___ The data

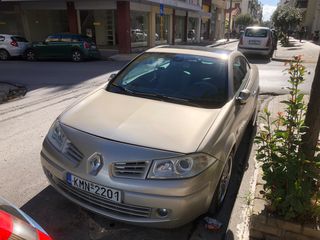 Renault Megane 2007 CARMAN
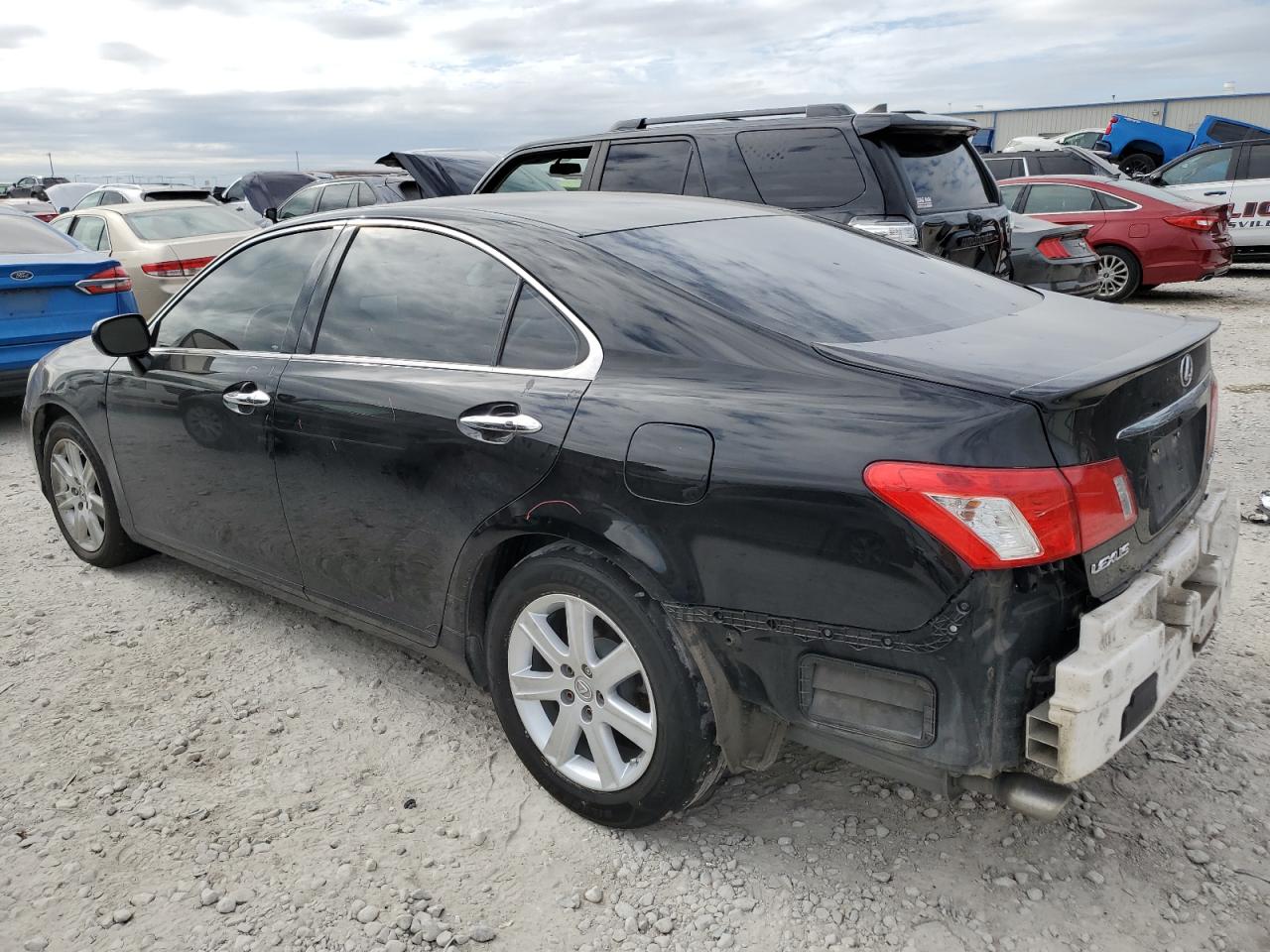 Изображение 2 2008 LEXUS ES 350 2008 с VIN JTHBJ46G082253142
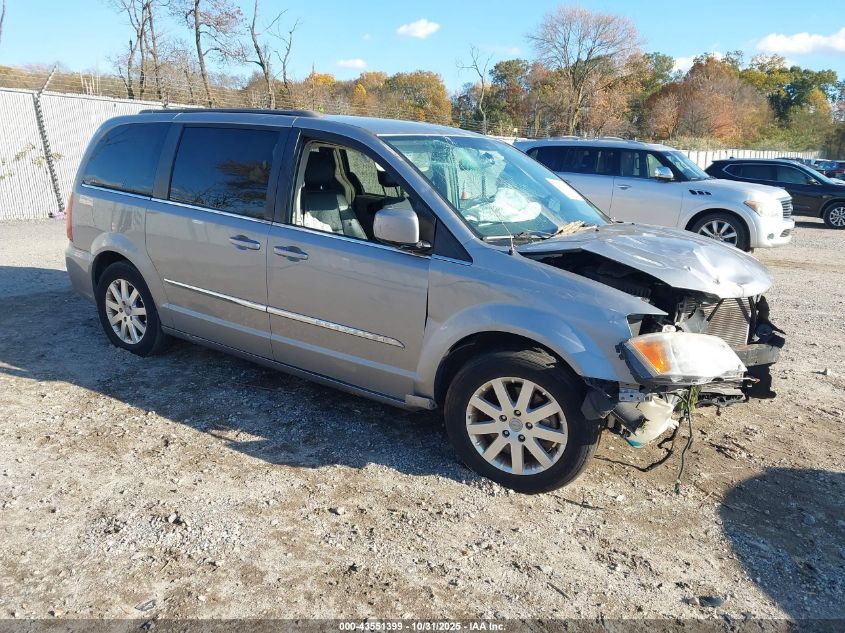 CHRYSLER TOWN & COUNTRY TOURING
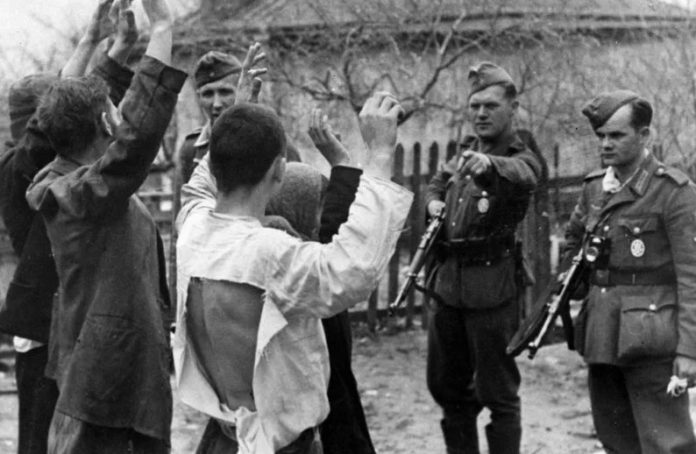 Геноцидом признаны зверства фашистов в Псковской области в годы Великой Отечественной войны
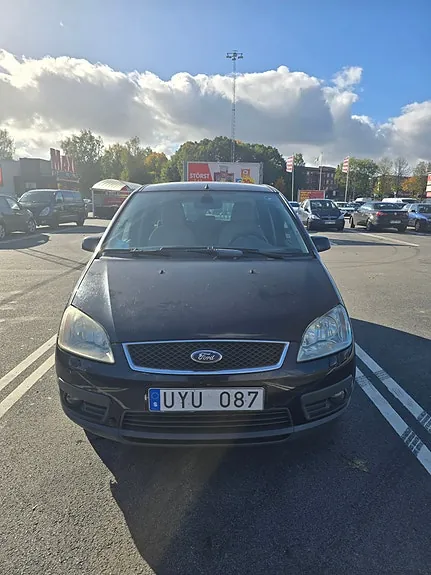 Ford Focus C-Max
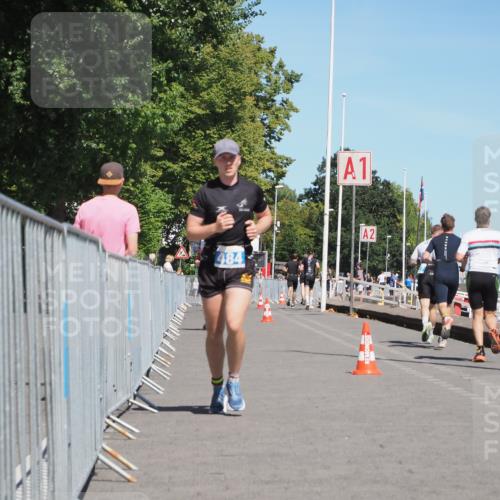 17.08.2025 - KN Förde Triathlon 2025 KatJ http://msf.ph/oto/8602474 17.08.2025 13:44:28 Laufen 484 meine-sportfotos.de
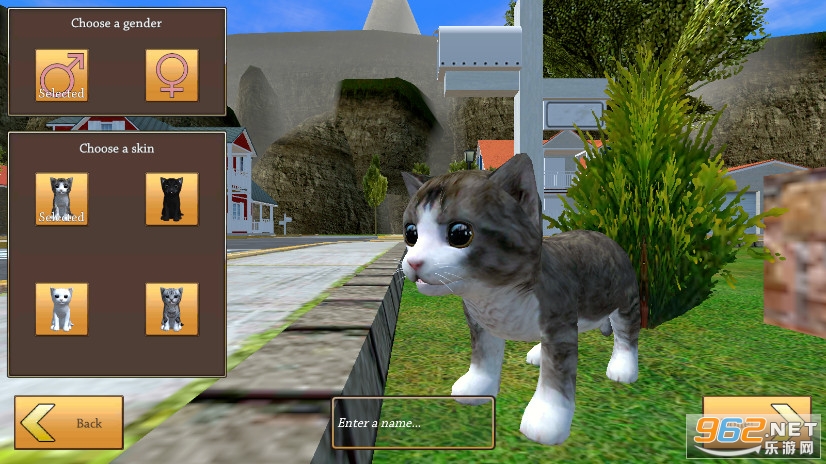 èģ°2024(Cat Simulator - Animal Life)v1.0.4.1 ͼ1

______

▸ What the exercise asks
Exact copy, no pictures: reproduce every record above.

▸ Response area
 Renault Megane 2007 CARMAN
 Изображение 2 2008 LEXUS ES 350 2008 с VIN JTHBJ46G082253142
 CHRYSLER TOWN & COUNTRY TOURING
 Геноцидом признаны зверства фашистов в Псковской области в годы Великой Отечественной войны
 Ford Focus C-Max
 17.08.2025 - KN Förde Triathlon 2025 KatJ http://msf.ph/oto/8602474 17.08.2025 13:44:28 Laufen 484 meine-sportfotos.de
 èģ°2024(Cat Simulator - Animal Life)v1.0.4.1 ͼ1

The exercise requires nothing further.